Relationship between CD40 pathway activation and resistance to CD40 stimulation. (A) Procedures for generating CD40 gene-pathway activation signature (gPAS) and correlation with resistance to CD40 stimulation. (Upper right panel) Top 50 up-regulated and top 50 down-regulated gene expression in all cell lines, with lower panel designating sensitivity phenotype. (Lower right panel) CD40 gPAS score in all cell lines. Red and green in heat maps represent high and low, respectively, expression of gene or signature score and represent number of SDs away from the mean value. Black rectangles indicate sensitivity to CD40 stimulation or classified as CD40 gPAS–positive. Statistical significance was assessed by Fisher’s exact test. (B) CD40 gPAS status correlates with resistance in an independent set of 12 NHL cell lines. Black rectangles indicate sensitivity to CD40 stimulation or classified as CD40 gPAS–positive. Statistical significance was assessed by Fisher’s exact test. (C) The GCB subset of DLBCL cell lines is sensitive to stimulation of the CD40 pathway. Subtype classification was determined by gene expression. Red and black colors represent sensitive and resistant, respectively, to CD40 stimulation. Statistical significance was assessed between GCB and ABC by Fisher’s exact test.
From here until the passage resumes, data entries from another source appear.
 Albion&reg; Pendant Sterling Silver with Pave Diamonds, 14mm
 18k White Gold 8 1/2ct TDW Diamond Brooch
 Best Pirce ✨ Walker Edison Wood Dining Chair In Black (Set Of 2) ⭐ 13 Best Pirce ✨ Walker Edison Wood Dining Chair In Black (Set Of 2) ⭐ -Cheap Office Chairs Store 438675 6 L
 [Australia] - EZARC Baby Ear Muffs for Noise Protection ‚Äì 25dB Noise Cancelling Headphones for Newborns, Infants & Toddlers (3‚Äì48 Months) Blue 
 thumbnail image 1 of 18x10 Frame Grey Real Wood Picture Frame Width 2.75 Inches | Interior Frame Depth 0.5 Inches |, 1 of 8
Upon engagement of the CD40 receptor, a signal transduction cascade is triggered that includes the activation of the phosphatidylinositol 3-kinase (PI3K) pathway and phosphorylation of AKT, and activation of the MKK (mitogen-activated protein kinase kinase) cascade and phosphorylation of c-Jun N-terminal kinase (JNK), p38, and extracellular signal–regulated kinase (ERK) (32, 33). Because the CD40 gPAS suggested that the CD40 pathway is switched on in resistant cell lines, we determined whether baseline phosphorylation of any of these key signaling nodes differed between sensitive and resistant cell lines using quantitative Western blotting normalized by total AKT, JNK, ERK, or p38 (fig. S9). Constitutive phospho-p38 levels were significantly higher in the sensitive cell lines (P = 0.003) but not phospho-AKT or phospho-JNK. In contrast, phospho-ERK was detected at higher levels in the resistant cell lines (P = 0.023), which is consistent with results from a mouse model of constitutively active CD40 signaling (10).
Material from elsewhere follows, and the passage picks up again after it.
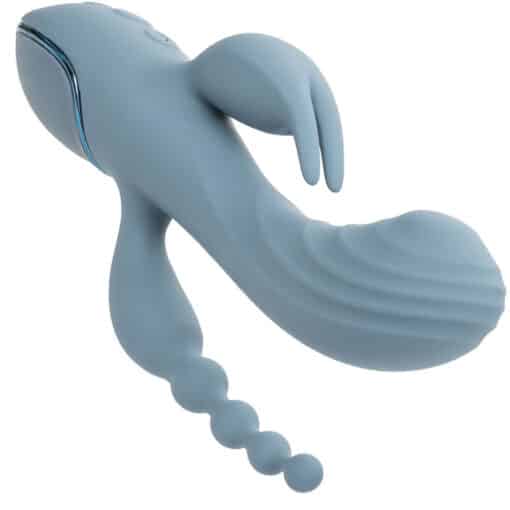 CALEXOTICS – VIBRADOR TRIPLE ÉXTASIS GRIS - intimamenities.com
There are three major molecular subtypes of DLBCL as determined by gene expression profiling: germinal center B cell–like (GCB), activated B cell–like (ABC), and those that are unclassified, each of which represents different stages of B cell differentiation and displays distinct clinical behaviors (34, 35). The DLBCL cell lines were categorized according to the subtype that their gene expression profiling most closely resembled at baseline (table S1), and sensitivity to CD40 stimulation was assessed between each subtype (Fig. 2C). Cell lines from each of the three subtypes were susceptible to CD40 stimulation; however, we noted a significant enrichment of CD40 activity in the GCB-like subtype, with 12 of 15 GCB-like cell lines showing sensitivity (GCB versus ABC, P = 0.006). In contrast, the unclassified and ABC groups displayed sensitivity to CD40 stimulation in only one of five and one of seven cell lines, respectively.

A 15-gene signature derived from in vitro sensitivity to CD40 stimulation

Our data to this point suggested that CD40 pathway activation status, BCL6 biology, and the GCB/ABC classification were all important parameters defining the response to CD40 stimulation. We set out to generate a molecular signature that could capture this information and then tested this signature in a clinical trial setting. Before the initiation of therapy, lymphoma patients routinely undergo a diagnostic tissue biopsy, which is preserved by formalin fixation and paraffin embedding (FFPE). RNA extracted from FFPE tissue is often degraded and of poor quality as a result of extensive cross-links from formalin fixation (3638). Because quantitative reverse transcription–polymerase chain reaction (qRT-PCR) assays can be used in fixed tissue (39, 40), we developed a method to select genes that can predict sensitivity to SGN-40 (Fig. 3A). A list of genes that were significantly correlated or anticorrelated with the IC25 sensitivity values was generated and then selected if they were directly regulated by CD40 stimulation (BTG2, CD22, CD40, CD44, CD79b, CTSC, LMO2, PUS7, UAP1, and VNN2), part of the CD40 pathway network (EPDR1, IGF1R, and RGS13), or a component of the GCB/ABC classifier (BCL6, CD44, and LMO2) (fig. S11). The stepwise procedure initially selected 14 genes, and BCL6 was added at the last step of the procedure because of our experimental observations (Fig. 1F). This group of 15 genes was then used to classify the training set of 30 cell lines with the K-nearest neighbor (KNN) algorithm. The signature predicted susceptibility to SGN-40 treatment in 23 of 30 (77% by 10-fold cross-validation) cell lines in this training set (Fig. 3B), and samples with a cross-validated prediction of sensitivity had a significantly lower mean IC25 (P = 0.01, Wilcoxon test).

Fig. 3

CD40 gene signature selection, training, and testing on NHL cell lines. (A) Schematic of gene feature selection of gene signature. (B) Training set of NHL cell lines for gene signature and predicted classification. Heat map represents sensitivity to CD40 stimulation and predicted classification with KNN. Red and black represents sensitive and resistant, respectively, to CD40 stimulation. (C) The 15-gene signature can predict sensitivity to CD40 stimulation in an independent set of NHL cell lines. Heat map representation as in (B).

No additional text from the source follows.